Spoiler Alert:
The fourth installment of the Lewis Barnavelt series: John Bellairs’ Rose Rita stars like she did in “The Letter the Witch and the Ring” in this excellent novel set in the midst of the Pennsylvania Dutch, in 1828.
The Ghost In The Mirror, written by John Bellairs and completed by Brad Strickland, takes the characters Rose Rita and Mrs. Zimmermann back in time. In the beginning, an old friend of Mrs. Zimmermann by the name of Granny Wetherbee’s spirit talks to her through a magical mirror. Granny Wetherbee isn’t actually Mrs.

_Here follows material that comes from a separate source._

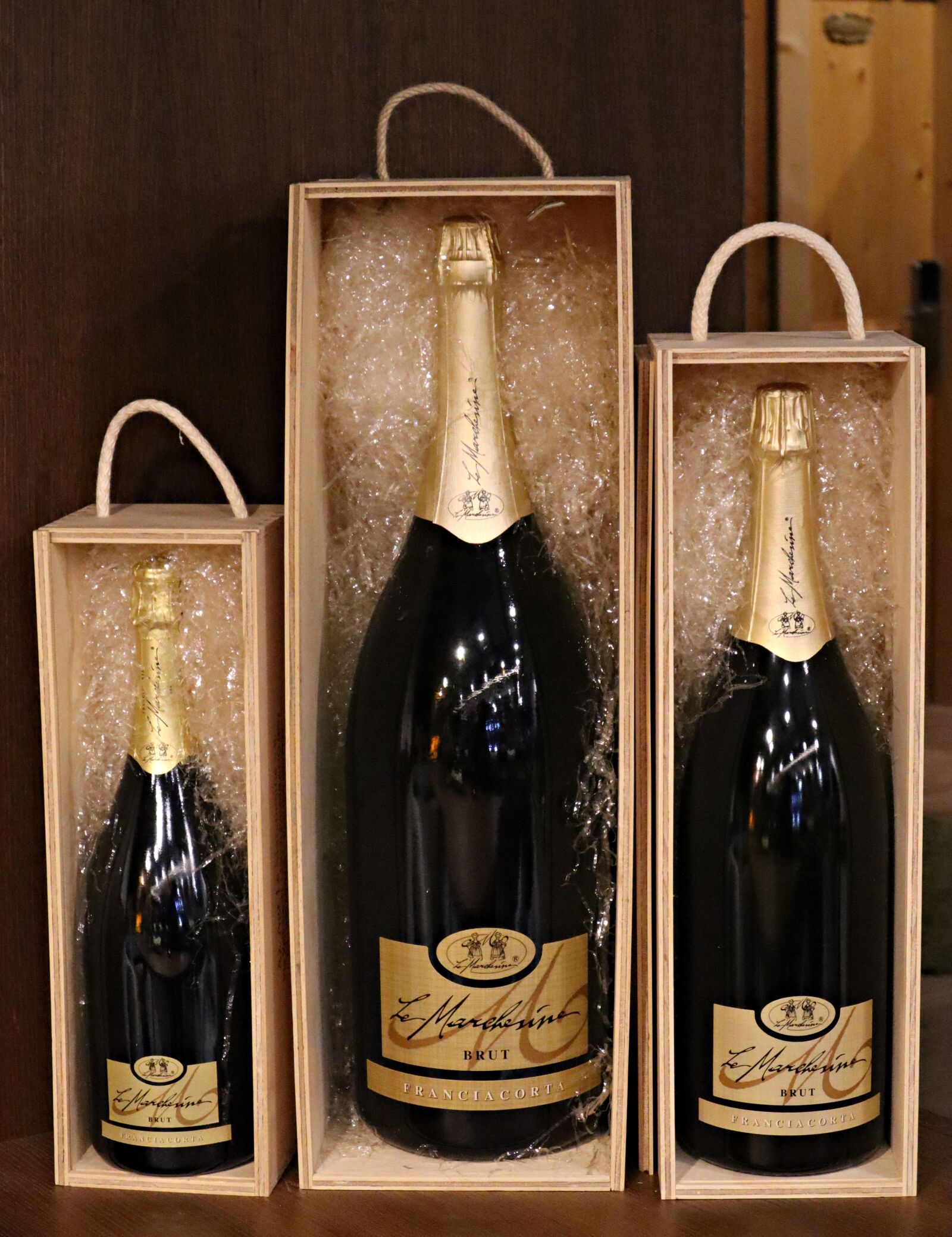 Canon EF-M 15-45mm F3.5-6.3 IS STM sample photo. Champagne, prosecco, franciacorta photography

Zimmermann’s granny – she was just very old when Mrs. Zimmermann met her as a child. This magical mirror is called an erdspiegel, or “earth mirror.” Rose Rita finds her packing a suitcase. When she asks Mrs. Zimmermann where she is going, and she says that she has to take care of some “business” in Pennsylvania, Rose Rita asks if she can come with her, and Mrs. Zimmermann says yes. Then, they get to Pennsylvania amid the Pennsylvania Dutch, and then they drive through a tunnel. This tunnel travels them back in time, and then they accidentally find Granny Wetherbee’s family who speak mostly German. So now, in 1828, Granny Wetherbee is a child, known as Hilda. After that, Mrs. Zimmermann eventually gets her magical powers restored, and they defeat Adolphus Stoltzfuss, who made Grampa Drexel (Hilda’s grandfather) sick and was trying to drive out Hilda’s family. The interesting thing about this is that they actually do change history. Rose Rita and Mrs. Zimmermann find out about this when they find the gravestone of Grampa Drexel. Before, Grampa Drexel would have died in 1828 due to the sickness that Stoltzfuss cast onto him, using a wax doll. But when they looked at the gravestone, it said that he lived all the way to 1844. I think that one of the most interesting things to find out after finishing the book is to find that this wasn’t some type of alternate reality, where Granny Wetherbee was trying to see what would have happened if Grampa Drexel hadn’t died and if Stoltzfuss was defeated. The results are real – an old evil is thwarted, changing the present dramatically. The most satisfying of all though is this: Mrs. Zimmermann gets her magic back, because Rose Rita plants a crystal in a hiding place when they are there in 1828, and this is made all the more significant in that it has been sitting there for over a hundred years! Normally, one waits for this particular crystal to develop its power for 7 years. Think of how powerful it has become for Mrs. Zimmermann – and this is only because of our hero, Rose Rita.